Solar Energy Advances Negate Nuclear Argument

For those continuing to advocate for a lifting on the ban on building new nuclear facilities (forgetting it could take as long as 10 years to get new plants online and the high cost of mining uranium) comes this promising news from the geniuses at MIT.

The argument against solar energy is that its too expensive now, there’s no way to store solar energy, to even death/injury from installers falling off rooftops.  MIT appears to have solves the first two issues.

Excerpts from this story in the Boston Globe after the jump.

Solar energy has been expensive and inefficient to use after dark, said Daniel Nocera, 51, the Henry Dreyfus professor of energy and professor of chemistry at MIT. But in an article published in the July 31 issue of the journal Science, Nocera and other Massachusetts Institute of Technology researchers say they have found a simple, inexpensive process for storing solar energy.

Cost is the biggest challenge facing the solar energy industry, said Monique Hanis, spokeswoman for the Solar Energy Industries Association, an industry trade group in Washington, D.C.
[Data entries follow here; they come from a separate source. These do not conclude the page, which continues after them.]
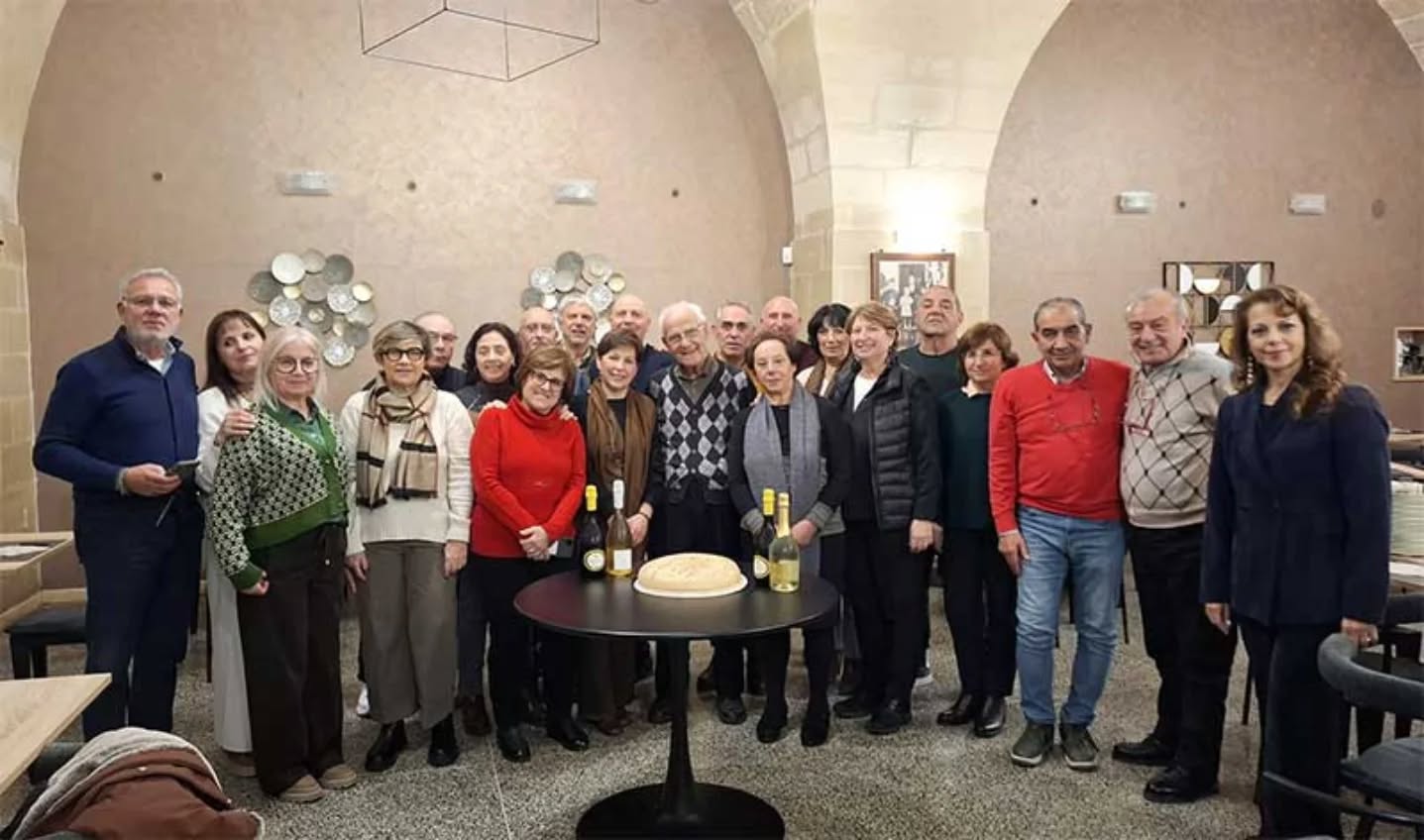 Incontrarsi dopo 50 anni, condividere ricordi, nel segno dell’amicizia!

🌐 www.galatina24.it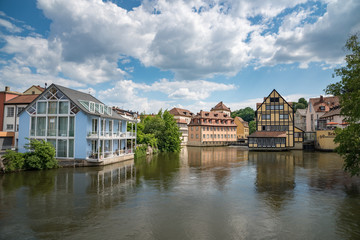 Fototapeta na wymiar Altstadt-Häuser in Bamberg am Wasser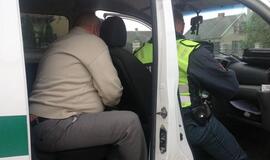 Avariją sukėlęs girtas vyras bandė smaugti pareigūną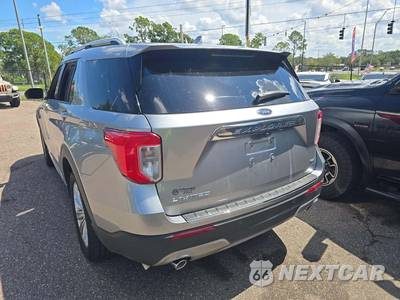 2020 Ford Explorer Limited - zdjęcie 2 z 22 - miniatura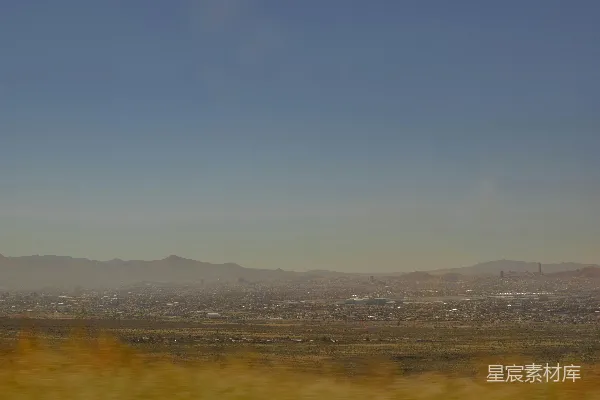 高清摄影 远处山脉中的沙漠景色
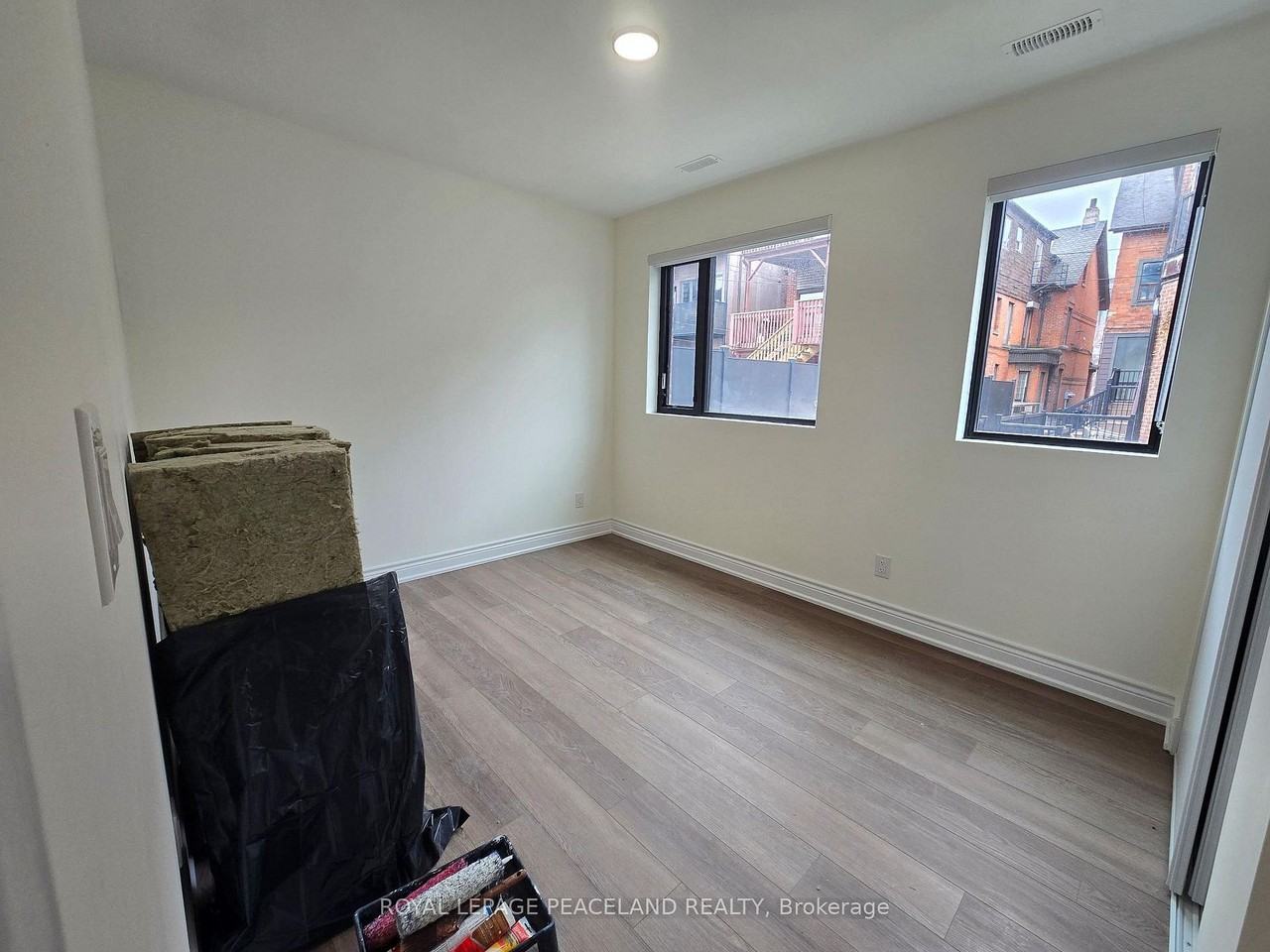 558 Spadina Crescent - Photo 4 of 10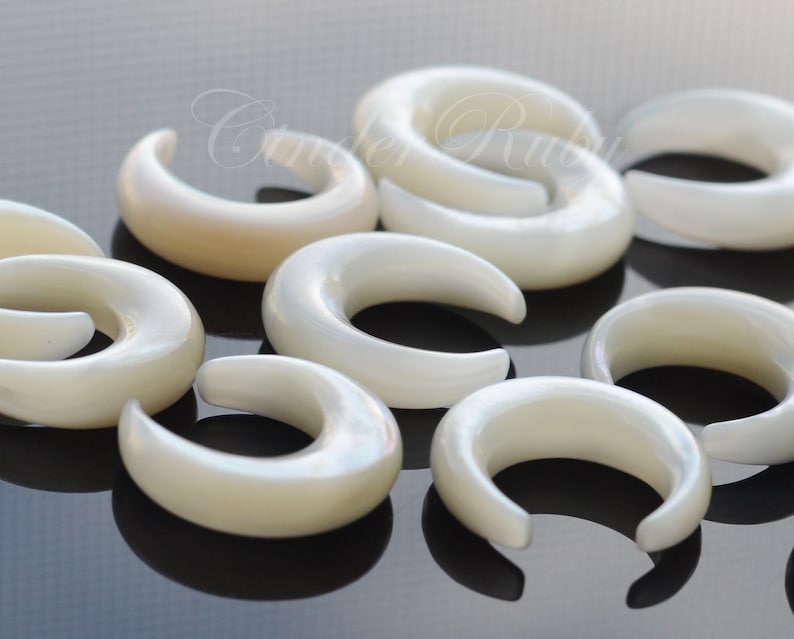 White MOP Crescent Moon Charms, White Shell Horn Beads, 20 mm White Mother of Pearl Crescent Moon, Set of 2 or More image 2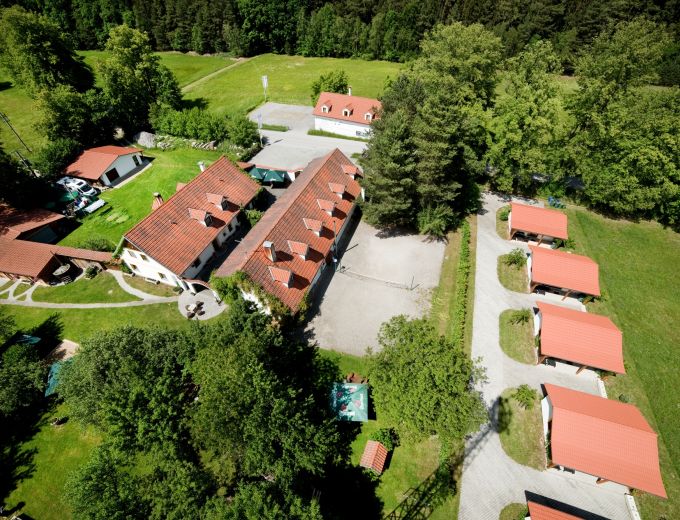 Pohled na areál penzionu Kamínek v Nových Hradech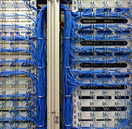 aufgeräumter und wieder übersichtlicher IT-Schrank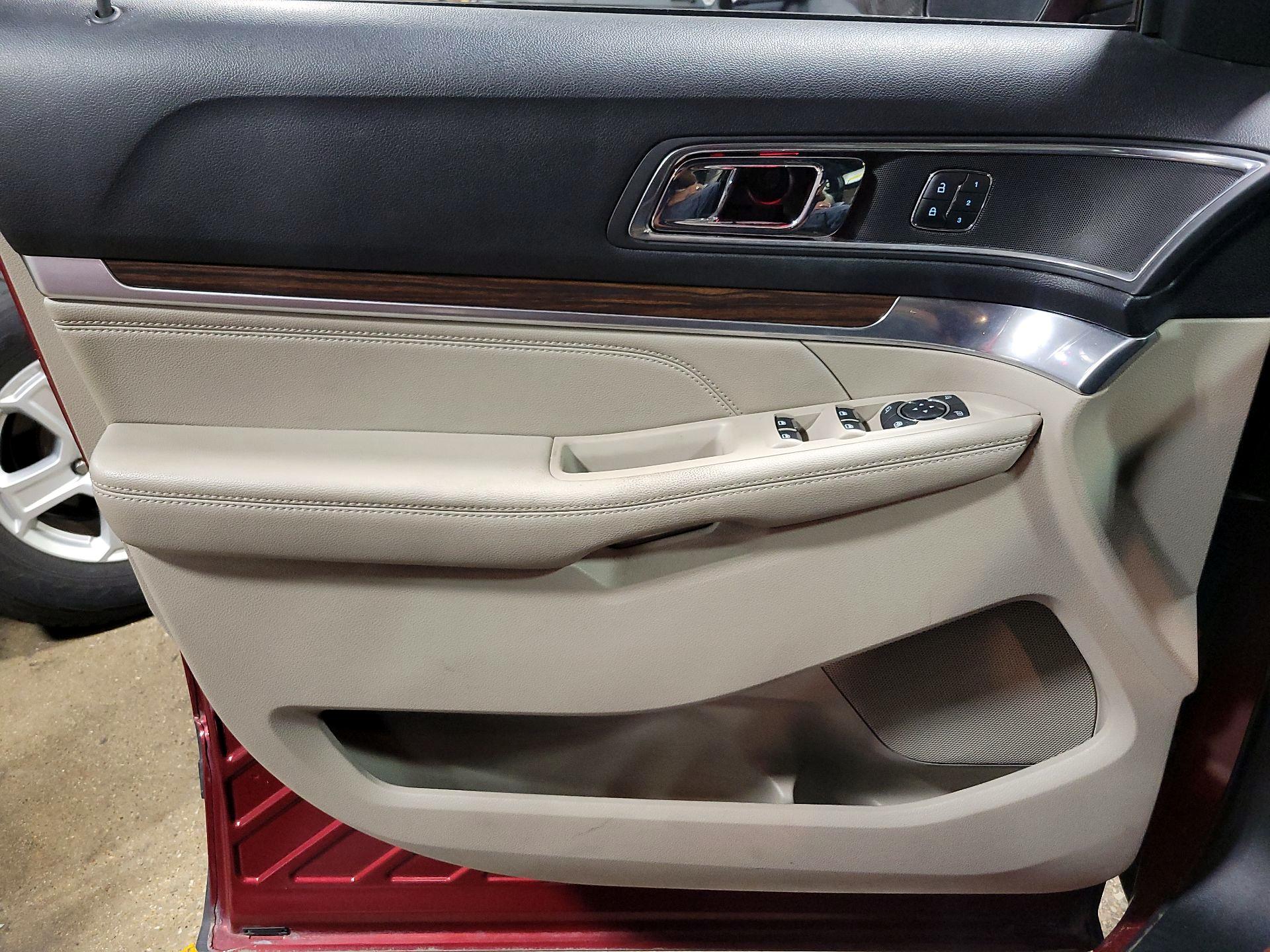 Thumbnail: 2018 Ford Explorer - 12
“The industry is trying to cut costs and improve efficiency all along the supply chain,” Hanis said. “The cost of solar should be on par with sort of traditional fossil sources in about eight years,” based on the rising costs of other forms of energy and the trends the association has seen in cost reductions in solar over the last decade, she said.

Nocera and the MIT research group said they opted to publish their findings to allow the science community to work on the technology.

Consider this news and a campaign underway for renewable fuel from Mr. Pickens, and we could see affordable “green” renewable fuel in our lifetimes that doesn’t product a toxic waste byproduct deadly for tens of thousands of years.